### THE TASK
Pictures stay out of the copy, and everything else in the data below is repeated exactly.

### DATA BLOCK

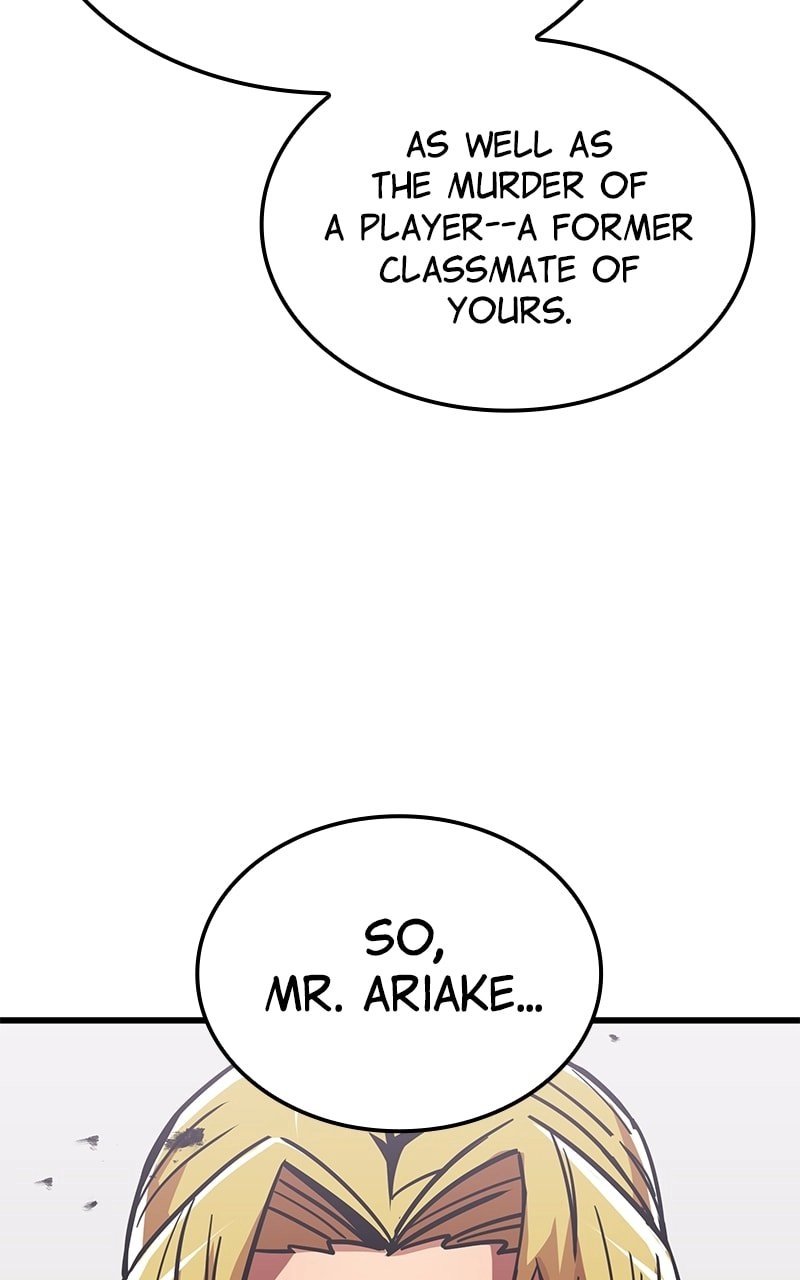 Savior of Divine Blood: Draw Out 0.00000001% to Become the Strongest Chapter 15, page 170 of 173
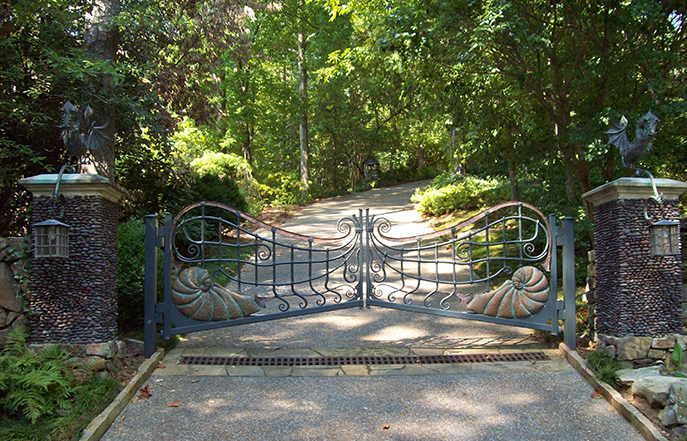 Ankmar LLC image 13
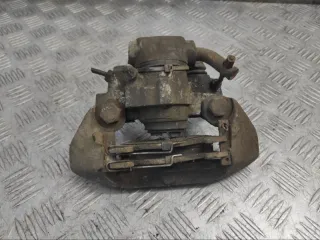  Суппорт задний правый Peugeot 206 1 Арт 88322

### EXERCISE SOLUTION
 Savior of Divine Blood: Draw Out 0.00000001% to Become the Strongest Chapter 15, page 170 of 173
 Ankmar LLC image 13
  Суппорт задний правый Peugeot 206 1 Арт 88322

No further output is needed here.